During 2013, China had a severe shortage of milk. Now, global market conditions of excess supply and falling prices are spilling over into China.
China's farm price for milk fell from 3.92 yuan/kg last September to 3.75 yuan/kg in December.
A reporter for New Capital News went to several dairy-farming communities in Hebei Province's Xingtang County. A farmer at one community said local farmers have a contract with the Hebei subsidiary of a food company to sell them milk. However, in November 2014 the company told farmers they would only buy 80 percent of their milk. The farmers would have to figure out what to do with the other 20 percent.
The company had accumulated two months of product inventory they couldn't sell. Therefore, the company chairman ordered the Hebei subsidiary to limit purchases of new milk.
A county official said the milk price had fallen from 5.5 yuan/kg in the spring of 2014 to 3.6 yuan.
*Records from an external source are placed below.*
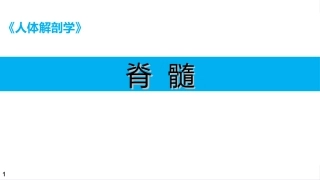 人体解剖学课件脊髓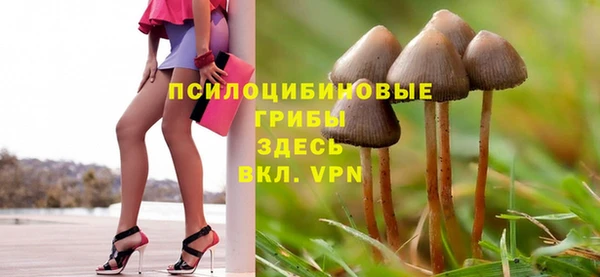 шишки Магадан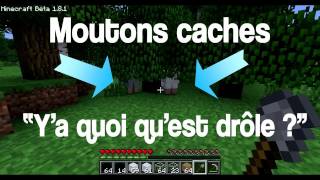 Vidéo commentée sur Minecraft en compagnie de NGZ Bah y a quoi qu est drôle 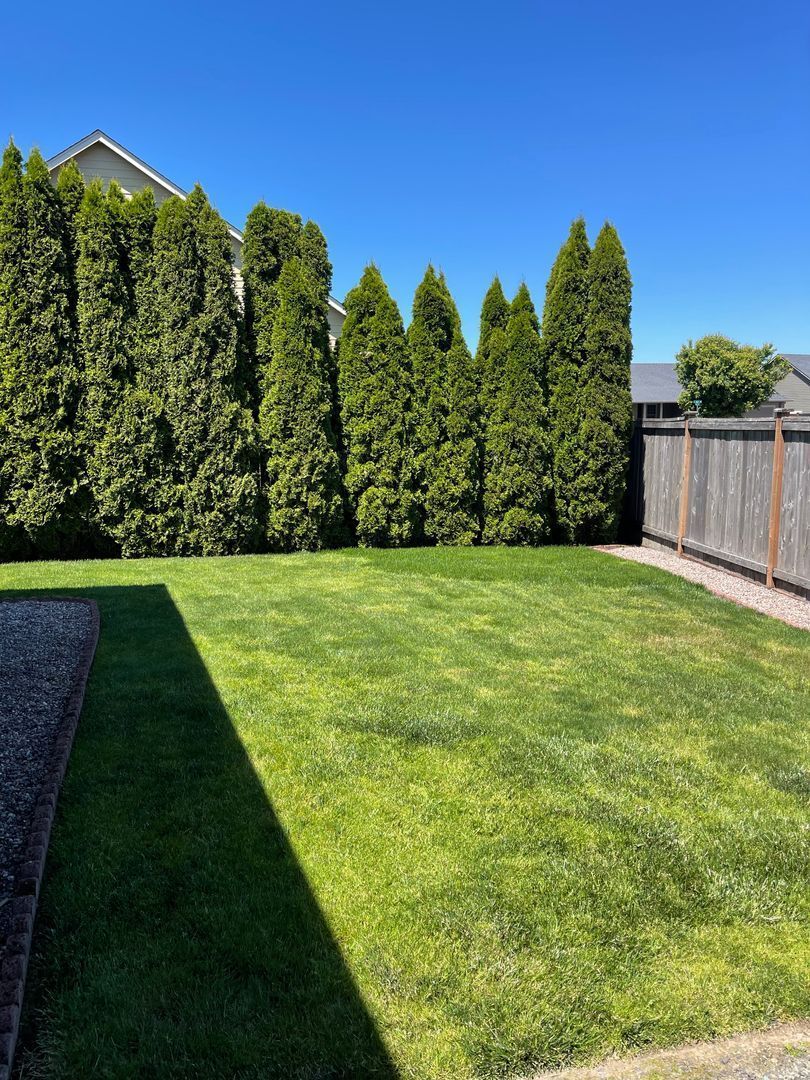Beautiful Springfield 3 Bedroom home with 2 car garage COMING SOON! property image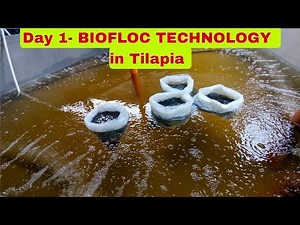 Starting Tilapia Farming using BIOFLOC TECHNOLOGY- 2nd Batch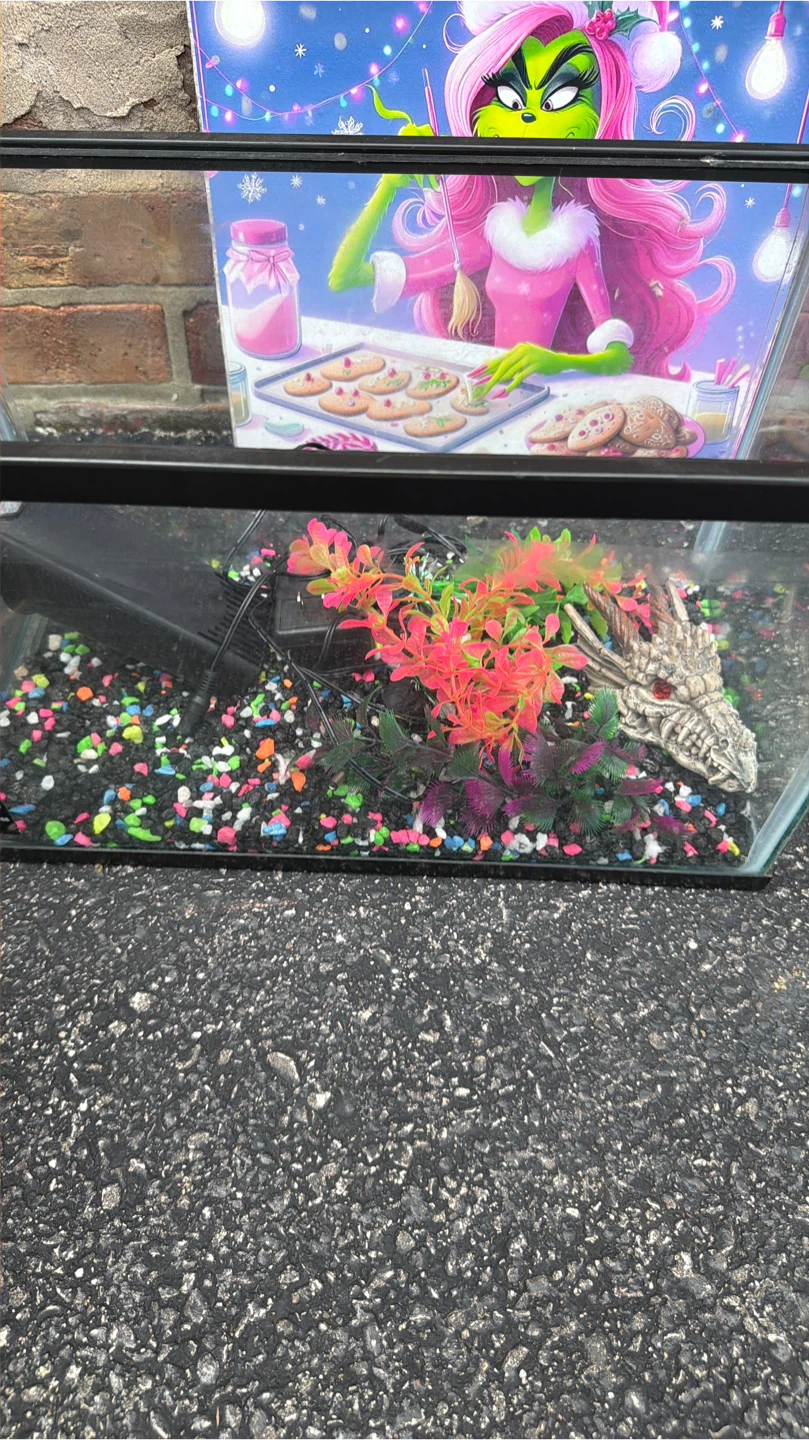 Aquarium with Dragon Head Decor and Filter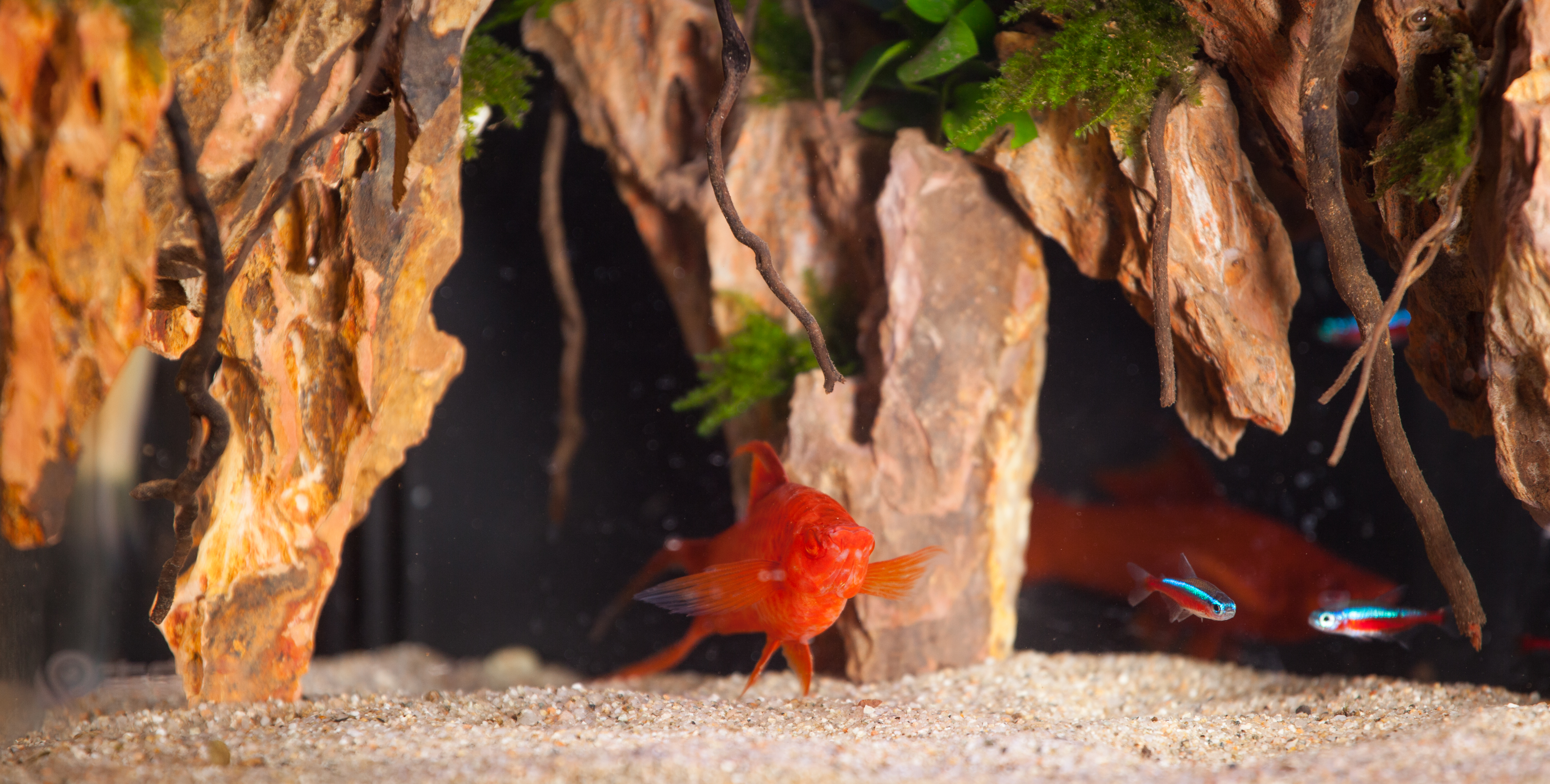 intelligence，ecology，box，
Hebei Province officials started to address the milk-selling problem in December. Provincial officials ordered local officials to "coordinate" dairy companies and farmers to address the difficulties selling milk, strengthen "supervision" of dairy farmers, requiring everyone to share the burden and risk. This appears to entail ordering companies to buy farmers' milk, telling farmers not to kill off their cattle, and ensuring the safety of milk.
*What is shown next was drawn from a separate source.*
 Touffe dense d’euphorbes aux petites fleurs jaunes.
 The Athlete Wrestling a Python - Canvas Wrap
When the reporter returned to visit the dairy farmers several days later, he was told that the farmers received a notice from the company eliminating the 80-percent limit and they are now able to sell all their milk at a price of 3.1 yuan/kg. County officials said the problem was "temporarily" solved.
Shandong Province has seen a steep decline in milk prices too. Ministry of Agriculture teams reportedly have been sent there to "coordinate."
The urgency of the milk measures seems to be motivated to avert another catastrophic problem like the melamine adulteration that was exposed in 2008. Hebei Province and its now-defunct Sanlu company was the epicenter of that incident. A similar period of depressed prices and culling of cows preceded the incident in 2007. When prices recovered later in the year, short supplies caused milk prices to spike and gave milk stations strong incentive to water down and adulterate milk.
The MOA emergency notice demanded that local governments strengthen oversight of dairy companies to ensure that they honor contracts and actively purchase milk. Echoing the 2008 problems, the notice called for maintaining orderly markets, for utilizing cooperatives to strengthen farmers' negotiating power, upgrading dairy-farming communities, supporting an alfalfa revival program, and implementing the improved breed subsidy. The notice called for local officials to fight for a subsidy to hold local reserves of milk powder.
The falling prices have been transmitted from the global market. Major dairy producers like New Zealand and the EU have seen prices fall 30%-40%. Some Chinese companies are importing cheaper milk from other countries, and reducing their local purchases. Further declines in price are anticipated in 2015.